Airbus patented a jet that could fly from London to New York in 1 hour - tilt
http://www.businessinsider.com.au/airbus-just-patented-a-jet-that-can-fly-from-london-to-new-york-in-1-hour-2015-7
======
drallison
The patent describes a vehicle that seems more of a concept description than a
real invention. Clearly the patent office disagreed.
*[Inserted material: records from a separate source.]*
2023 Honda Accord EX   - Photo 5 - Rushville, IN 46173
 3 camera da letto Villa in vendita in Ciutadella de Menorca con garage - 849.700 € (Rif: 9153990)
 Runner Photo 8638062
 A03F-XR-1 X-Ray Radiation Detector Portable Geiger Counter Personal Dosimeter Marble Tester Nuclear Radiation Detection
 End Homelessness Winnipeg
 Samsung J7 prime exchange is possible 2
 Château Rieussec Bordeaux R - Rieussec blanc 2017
The primary claim is:

1\. An air vehicle including a fuselage (F), a gothic delta wing (A)
distributed on either side of the fuselage, and a system of motors (TB1, TB2,
ST1, ST2, Mf) able to propel the air vehicle, wherein: the fuselage contains a
tank (Rv) of hydrogen, wherein the hydrogen is liquid or in the state of
slush, and one or more liquid oxygen tanks (RO1, RO2); the gothic delta wing
(A) has a flat upper surface and a flat lower surface, and a wing root which
starts roughly in an area where a forward part of the fuselage broadens; a fin
(a1, a2) is attached to each outer end of the trailing edge of the delta wing
using a cylindrical part the axis of which is parallel to a longitudinal axis
of the fuselage, where each fin consists of two roughly identical trapezoid-
shaped elements attached to the cylindrical part and located in the same
plane, on either side of the cylindrical part, wherein each cylindrical part
is able to rotate around its axis such that both trapezoid-shaped elements
which are attached to the cylindrical part are positioned either in a plane
parallel to the plane of the gothic delta wing, or in a plane perpendicular to
the gothic delta wing; and the system of motors includes at least one turbojet
(TB1, TB2) positioned in a forward portion of the fuselage and able to be
retracted into the fuselage, at least one fixed-geometry ramjet (ST1, ST2),
and one rocket motor (Mf) positioned within a rear part of the fuselage,
wherein a door (D) located in the rear part of the fuselage is able to be
opened or closed, respectively to expose the rocket motor to the exterior, or
to isolate the rocket motor from the exterior.